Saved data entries
= Beginning of Section =

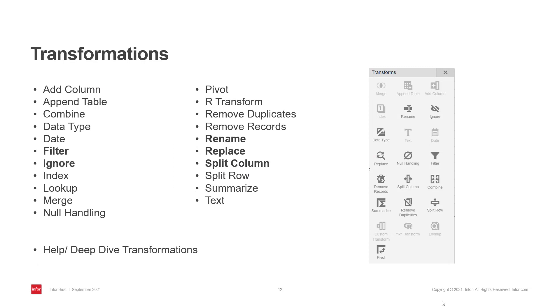In the example I will go through several transformations. You'll see filter, ignore, rename, replace, and split column in action. You can also find more information about the transformations in help under the topic deep dive transformations.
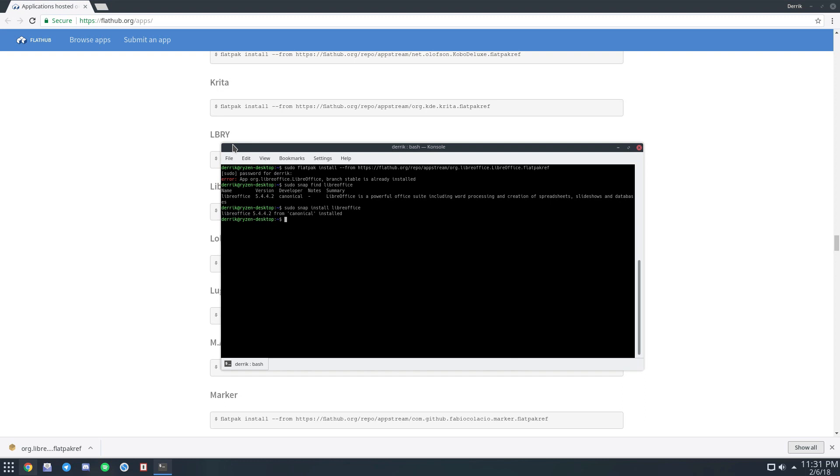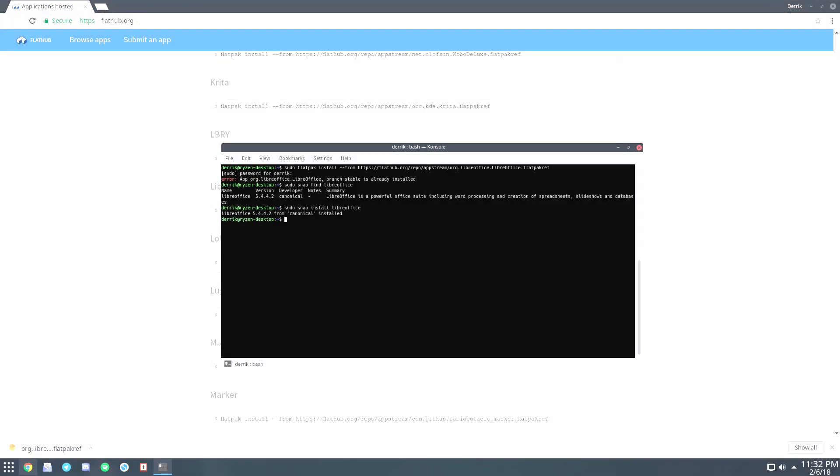Or maybe you're using something that doesn't package LibreOffice. These two alternatives are great. And if you want to install LibreOffice the traditional way, please just check the description below. We have an article that will go over that if you can get that going. Until next time, this is Derek and I will see you in the next video.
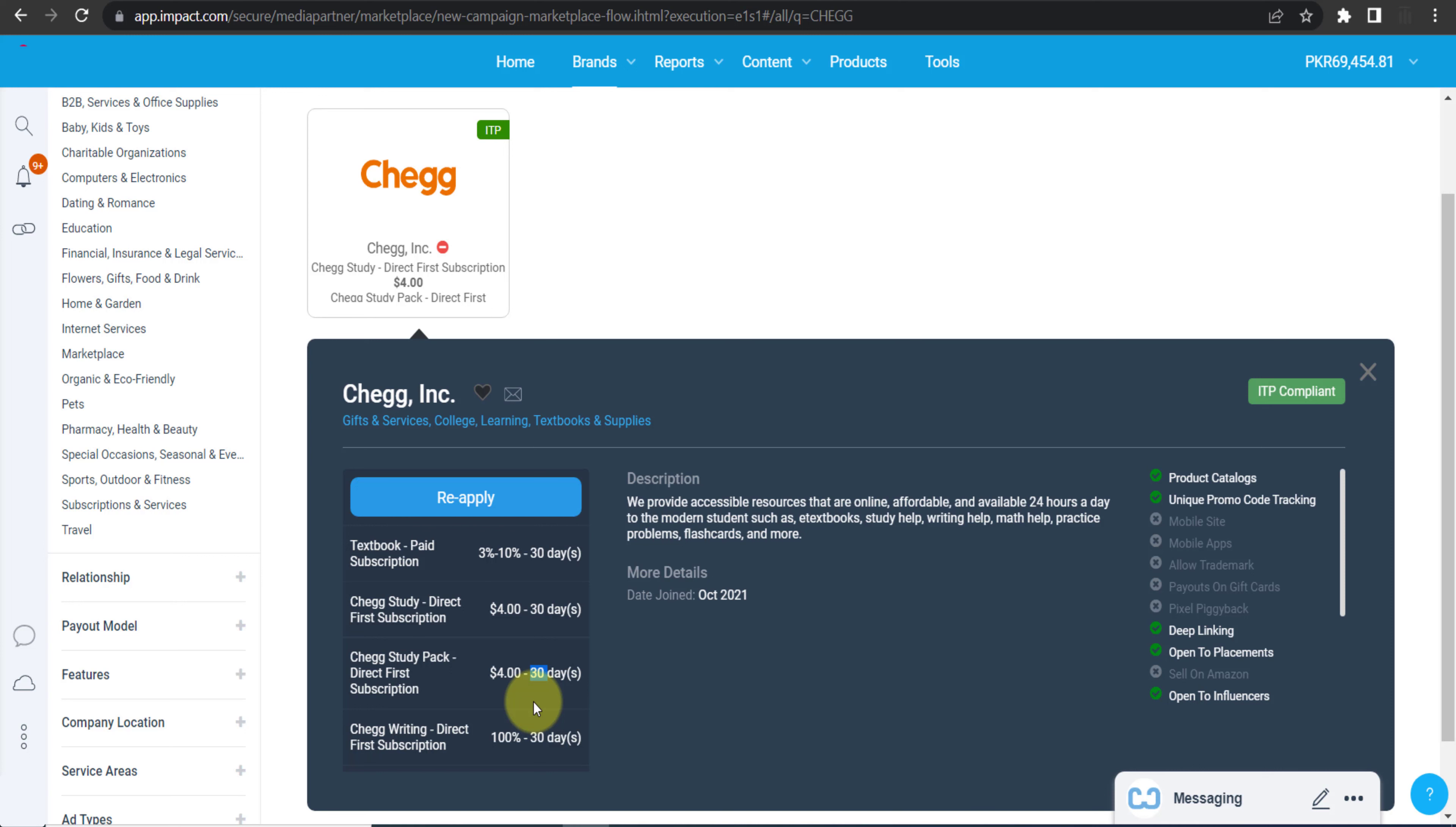Within the next 30 days, if they go back to chegg.com and they buy anything, you will still get commission. This is the meaning of 30 day cookie period.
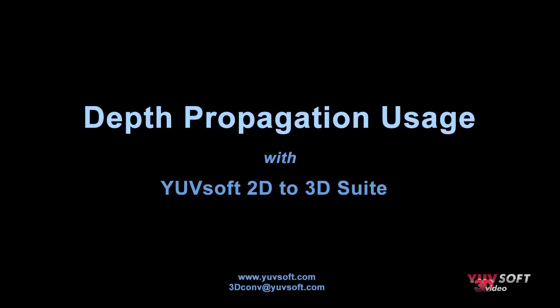This is Steve Wright for YUVsoft with a tutorial on the usage of depth propagation. Depth propagation is part of the 2D to 3D suite and is a powerful tool for minimizing the amount of manual rotoscoping required for stereo conversion.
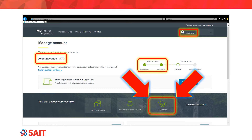Once a basic account has been set up, this is what the page looks like. It's important to notice at the bottom on the right-hand side there is a link to Apply Alberta. This will take you back to the Apply Alberta website.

= End of Section =

Task brief – Please repeat exactly the lines from the one containing "Or maybe you're" through the last line of the records, both included, and leave out the pictures.

Written response –
Or maybe you're using something that doesn't package LibreOffice. These two alternatives are great. And if you want to install LibreOffice the traditional way, please just check the description below. We have an article that will go over that if you can get that going. Until next time, this is Derek and I will see you in the next video.
Within the next 30 days, if they go back to chegg.com and they buy anything, you will still get commission. This is the meaning of 30 day cookie period.
This is Steve Wright for YUVsoft with a tutorial on the usage of depth propagation. Depth propagation is part of the 2D to 3D suite and is a powerful tool for minimizing the amount of manual rotoscoping required for stereo conversion.
Once a basic account has been set up, this is what the page looks like. It's important to notice at the bottom on the right-hand side there is a link to Apply Alberta. This will take you back to the Apply Alberta website.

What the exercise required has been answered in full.